The most ideologically devoted elements in both parties must accept that not every compromise is a sign of betrayal or an indication of moral lassitude. When too many of our citizens take an all-or-nothing approach, we should not be surprised when nothing is the result.
Our most strident partisans must learn to occasionally sacrifice short-term tactical political advantage for the sake of the nation. Otherwise, Congress will remain stuck in an endless cycle of recrimination and revenge. The minority seeks to frustrate the majority, and when the majority is displaced it returns the favor. Power is constantly sought through the use of means which render its effective use, once acquired, impossible.

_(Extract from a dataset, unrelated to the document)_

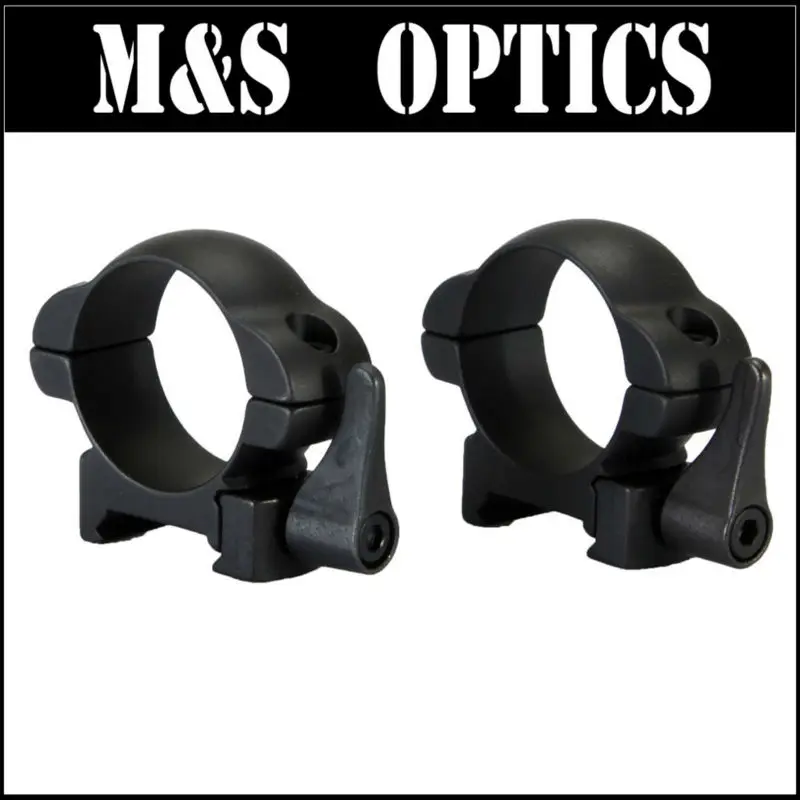 

30mm Ring Low 20MM Mount in Y15 Steel with Lever-lok 4.5mm For Hunting Optical Sight Riflescopes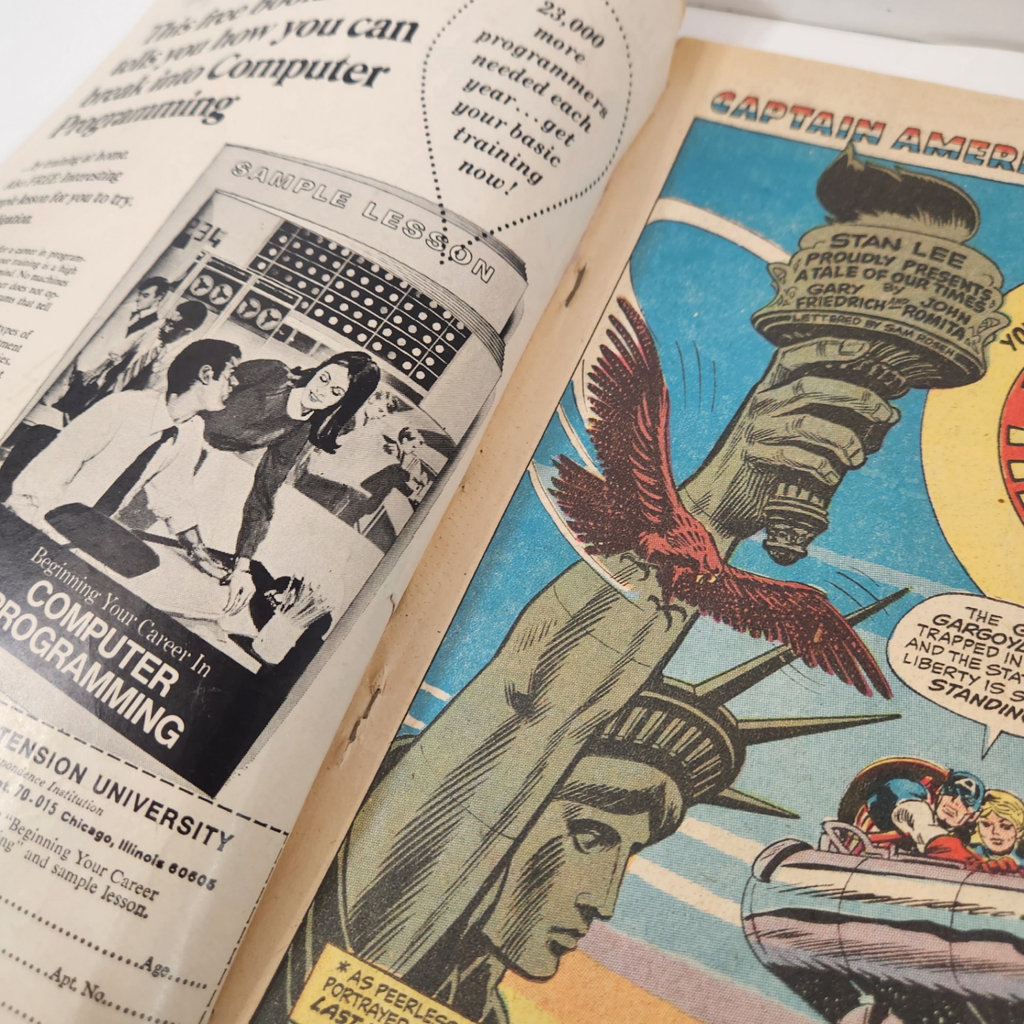 20 Cent Captain America Comics - image 2 of 8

What is required from members of Congress and the public alike is a new spirit of devotion to the national welfare beyond party or self-interest. In a time of national peril, with our problems compounding, we must remember that more unites us as Americans than divides us.[Emphasis mine.]
To listen to talk radio, to watch TV pundits, to read a newspaper's online message board, is to realize that increasingly, we are a people estranged from critical thinking, divorced from logic, alienated from even objective truth. We admit no ideas that do not confirm us, hear no voices that do not echo us, sift out all information that does not validate what we wish to believe. [Emphasis mine.]
I submit that any people thus handicapped sow the seeds of their own decline; they respond to the world as they wish it were rather to the world as it is. That's the story of the Iraq war.
But objective reality does not change because you refuse to accept it. The fact that you refuse to acknowledge a wall does not change the fact that it's a wall.
And you shouldn't have to hit it to find that out.